12 thoughts on “Let’s Get Cumulus: Your Cloud or Mine?”

  1. Dave, if I have multiple computers in my home, can they all use this as a central storage server? I’ve been looking at the Belkin Network USB Hub, but this may be a better option, because I can access it from the road. Is is secure?

    Thanks for showcasing it!

  2. John, I haven’t been fully briefed on the technical architecture yet. I believe they provide the web interface, but our data doesn’t actually go through their servers. And, yes, you’ll be able to access it around the home from various machine and also remotely. We’ll have to wait for some reviews to find out how well it all operates.

    On FriendFeed, someone mentioned using CrashPlan as option for cloud storage without a third party in the mix. I also believe JungleDisk used to allow you to bring your own storage – perhaps they still do. I know my web hosting plan has tons of unused storage and bandwidth (it’s the database calls that kills me).

  3. I use flickr for my main photo storage. However, for the most part I have local backups of everything. I guess if Yahoo was to close the door I would still have all of my pictures. What I would miss is the ease with which flickr works for me. I guess I could implement a photo gallery in wordpress, but then I would have to maintain it as well.

    As for the rest of my data… We have no off-site backups of anything that is not photos or videos. I have large amounts of space and bandwidth with my hosting account, which could work. It would be nice if there was an application that I could install and do self backups using my hosting space.

  4. I’ve just started using SMEStorage’s Private Cloud beta which lets me turn any FTP Account into a Private Cloud.
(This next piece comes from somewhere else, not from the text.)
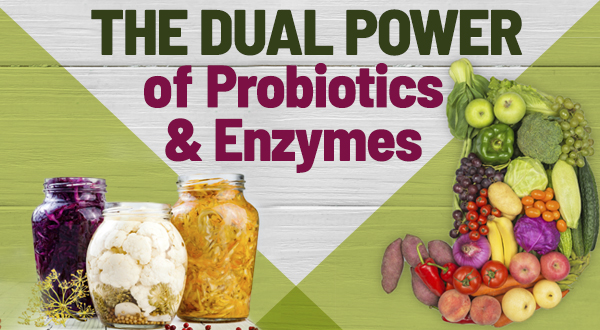 the power of probiotics and enzymes
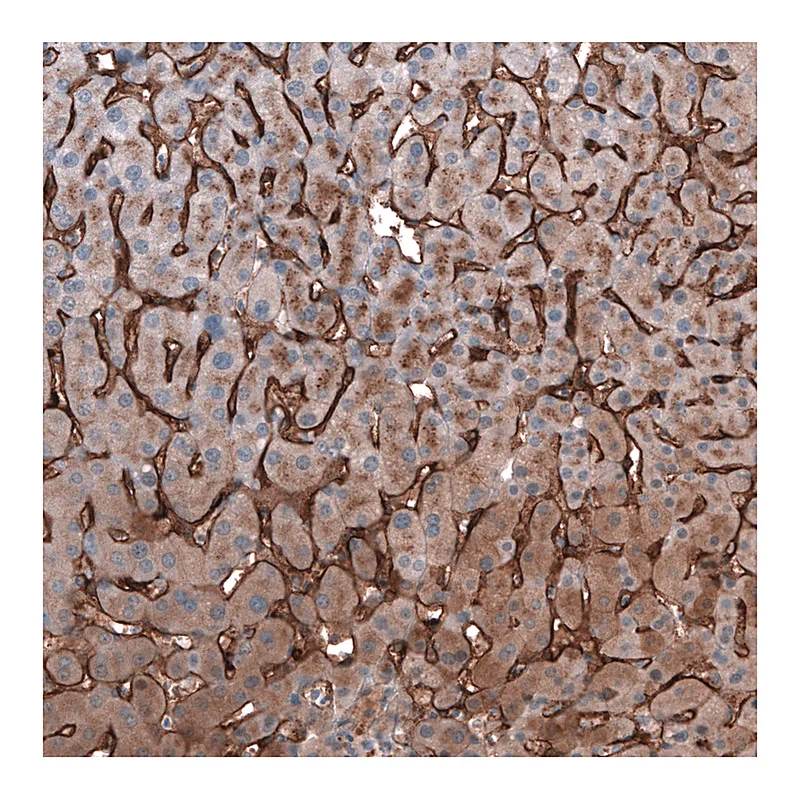 Atlas Antibodies Anti-SLC10A5 Antibody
It really works a treat and I can Access these files using the iPhone and all sorts of other ways – slick.

  5. I use Jungledisk, which provides an interface to the Amazon S3 service. It works for me very well. However, I don’t trust the security on it. I separately encrypt anything I want to remain secure.

  6. Mozy checked in today… They wanted to let us know that in addition to an online account/password, they also allow you to create an encryption key that only you know to further protect your data. What the PR person didn’t mention to me, but probably should have, is that they are also an EMC company – which is somewhat reassuring.

  7. I’ve tried a number of cloud storage solutions (S3,Mozy,Carbonite,etc…) however, none of them seem to work for me. So, I’ve decided to go old school. I have two hard drives that I swap and than place in a safe deposit box. It’s not as convenient as a cloud storage solution however, at least I know my data is protected.

  8. Hi, Dave: For “family cloud” off-site backup, you might take a look at CrashPlan. I’ve been using it for several months, and it’s pretty slick.

  9. CrashPlan does look like it has some of the features I’m looking for in term of backup, although it seems like there’s a directory service of some sort dependent on CrashPlan staying in business to make those peer connections. Probably true of Pogoplug, as well, for the offsite stuff. I should re-emphasize, though, that the cloud concept is larger than just pure backup. There’s hosted email, office suites, photo sharing, etc.

    This AM I’m looking again at WHS. And it does seem that JungleDisk does not allow me to send backup sets to my own server in the cloud (ZNF on MediaTemple).

  10. Jungledisk only really provides me the “off-site” backup portion of “cloud”. It doesn’t allow me to deal with photo sharing, e-mail, or an mp3 library. I really crave an internal/external true cloud as you describe it.

  11. Hey Dave, I know you haven’t had full access to PogoPlug, but from what you know of it and the recent SlingCatcher update for Network Media Storage, do you see those two items playing well together?